(GOAL OF THE EXERCISE) Give exactly the lines from the one with "Casa à venda com 796m², 5 quartos e 6 vagas" through the final line of the listing below, both included, leaving out any pictures.

(EXTRACTED INFORMATION)
--- START ---

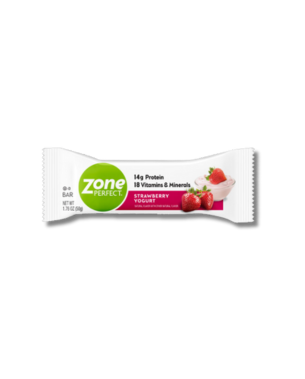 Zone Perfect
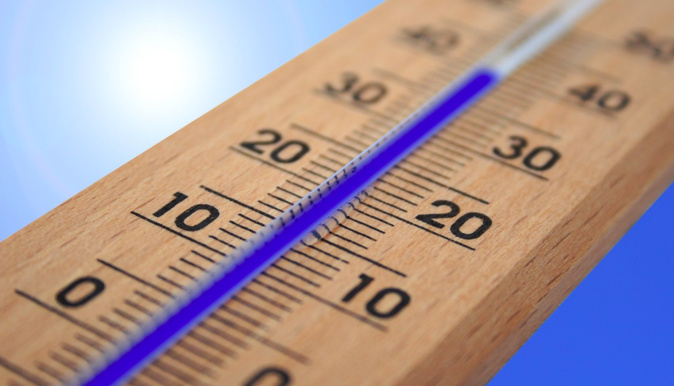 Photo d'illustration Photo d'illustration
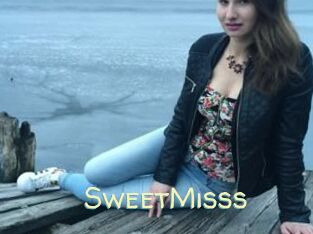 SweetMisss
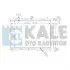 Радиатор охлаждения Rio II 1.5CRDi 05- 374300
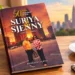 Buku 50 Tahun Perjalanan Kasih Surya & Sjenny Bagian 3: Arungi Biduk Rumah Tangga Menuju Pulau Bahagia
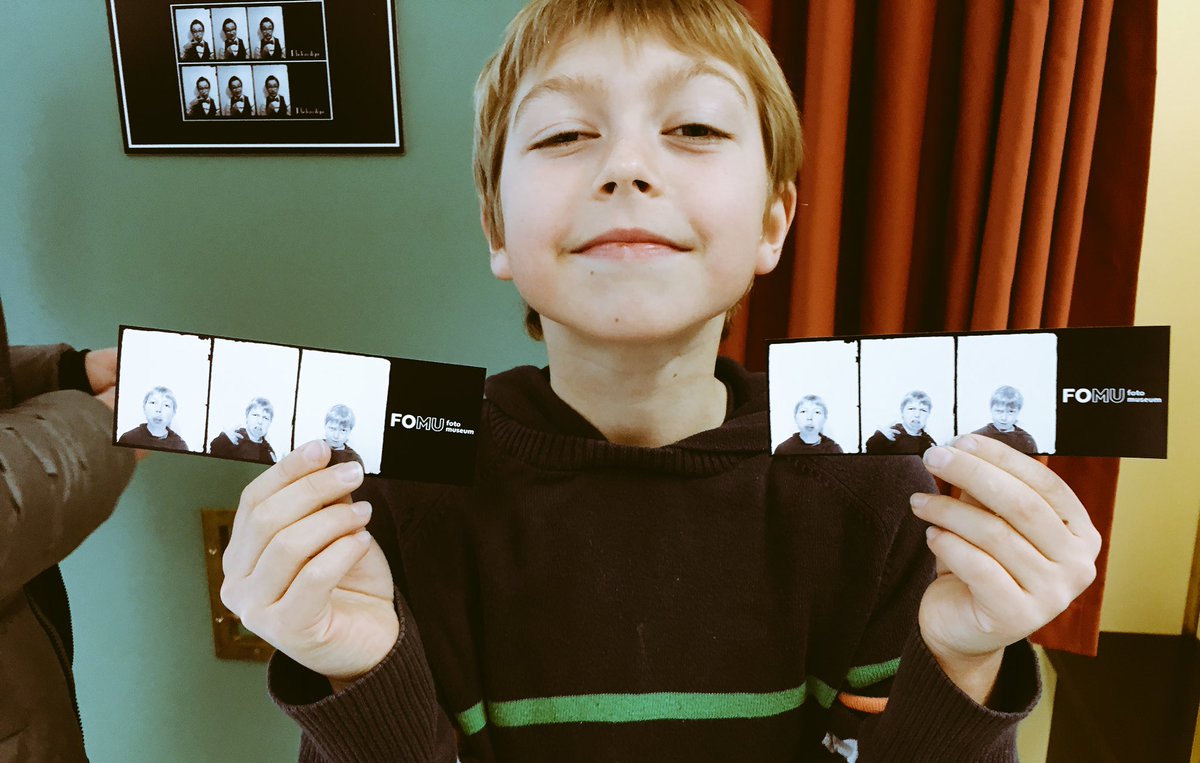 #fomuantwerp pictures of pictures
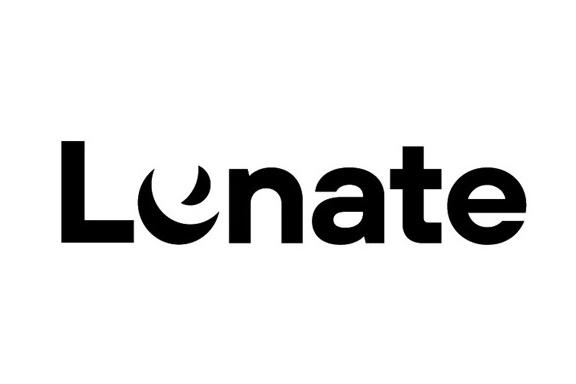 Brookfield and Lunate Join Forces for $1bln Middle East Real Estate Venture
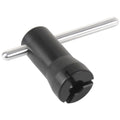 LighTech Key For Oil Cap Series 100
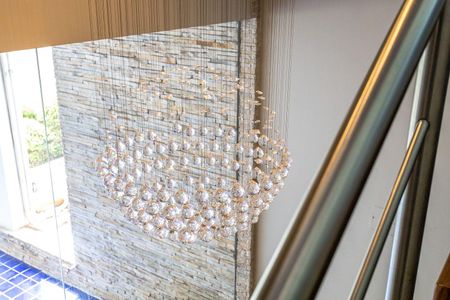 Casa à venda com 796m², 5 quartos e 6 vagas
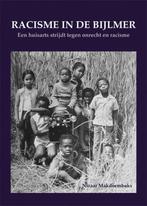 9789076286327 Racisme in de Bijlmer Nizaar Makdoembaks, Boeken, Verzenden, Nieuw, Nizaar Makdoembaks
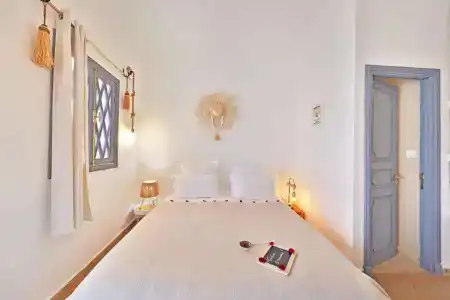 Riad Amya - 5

--- END ---

(TASK OUTPUT)
 Casa à venda com 796m², 5 quartos e 6 vagas
 9789076286327 Racisme in de Bijlmer Nizaar Makdoembaks, Boeken, Verzenden, Nieuw, Nizaar Makdoembaks
 Riad Amya - 5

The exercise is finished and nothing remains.